- Exercise aim -
Every line of the data below should be retyped exactly, with no images carried over.

- Given data -
____
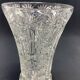 Large cut crystal vase richly decorated Bohemia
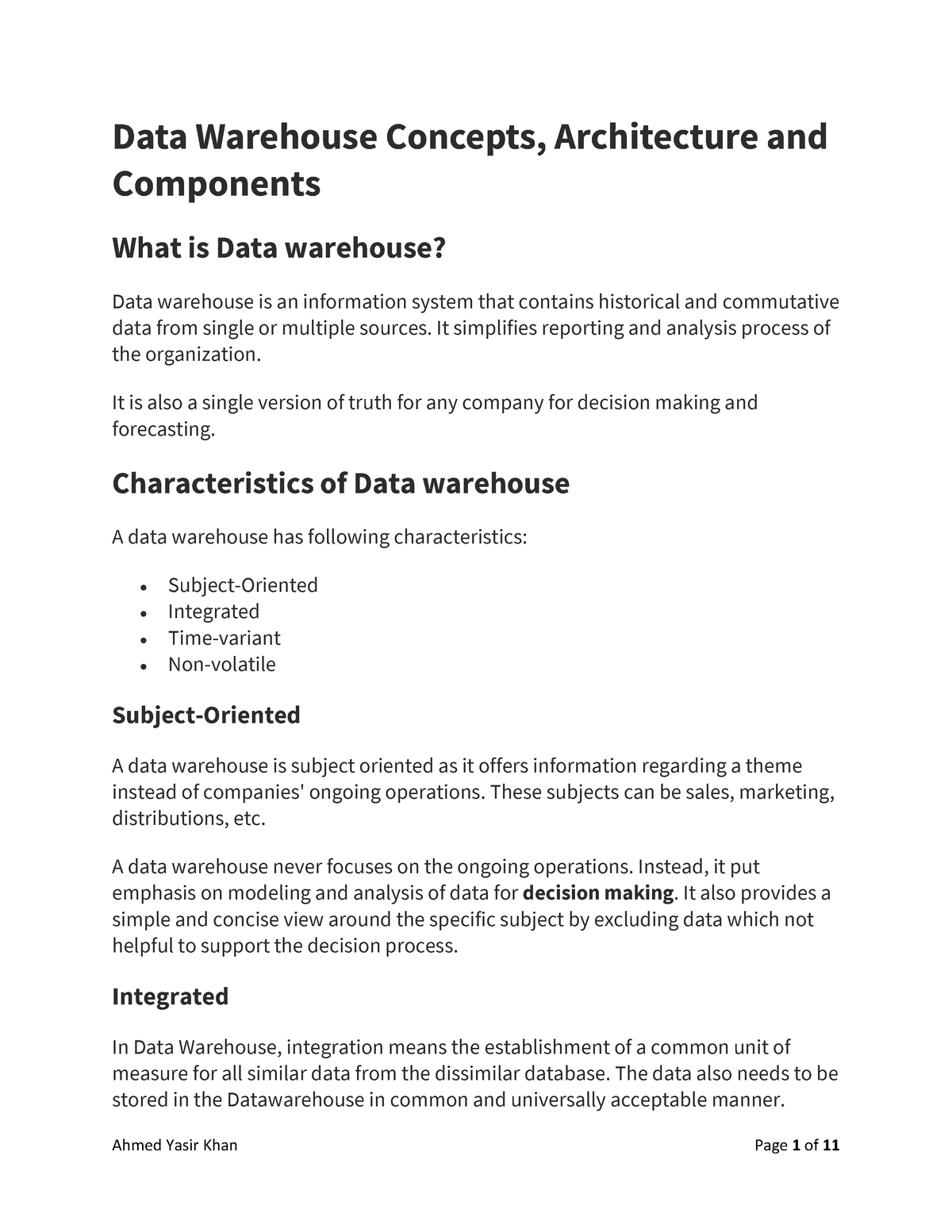 thesis data warehouse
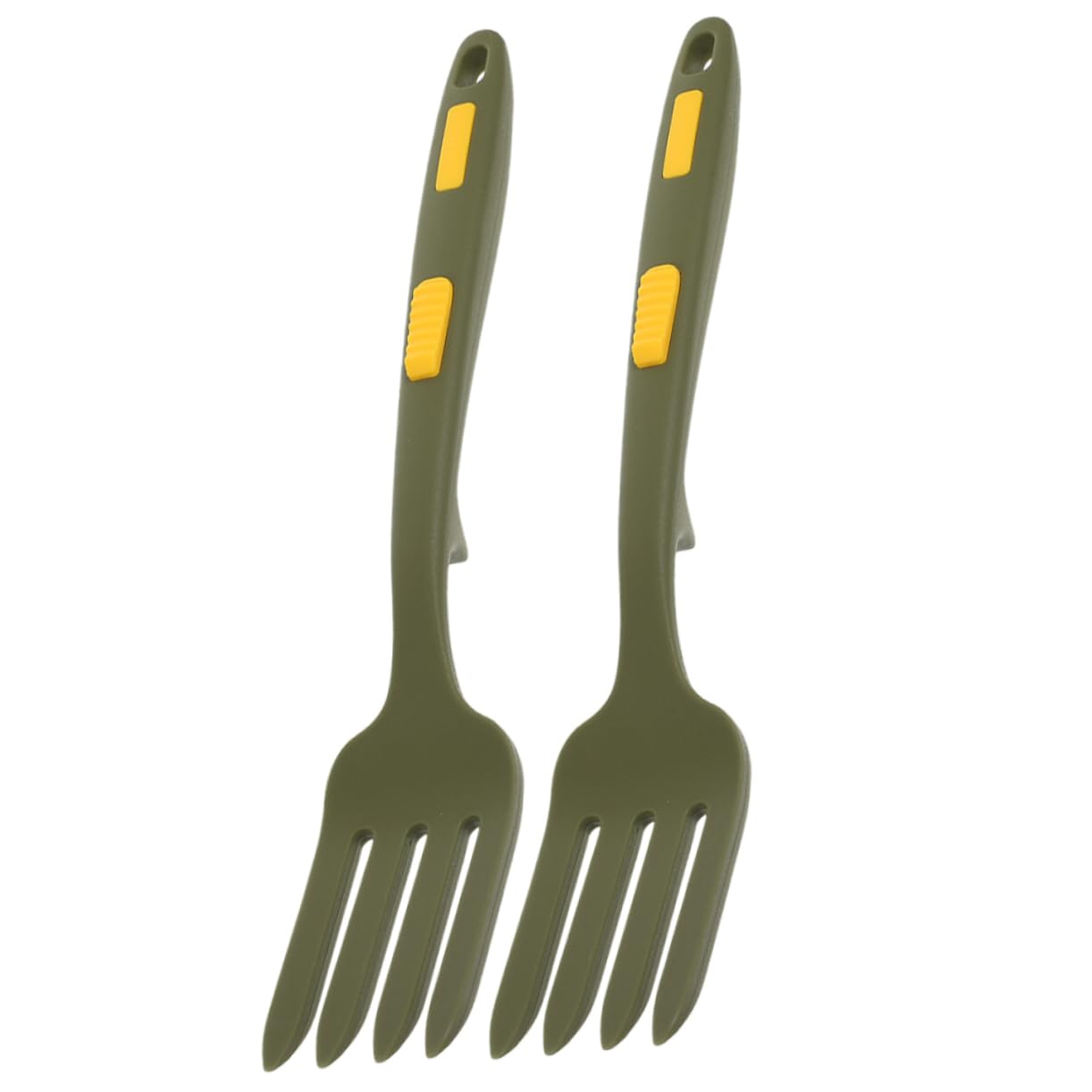 KICHOUSE Silicone Flexible Forks Heat Resistant Cooking Fork for Cooking Spaghetti Tester Kitchen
____
- Task solution -
 Large cut crystal vase richly decorated Bohemia
 thesis data warehouse
 KICHOUSE Silicone Flexible Forks Heat Resistant Cooking Fork for Cooking Spaghetti Tester Kitchen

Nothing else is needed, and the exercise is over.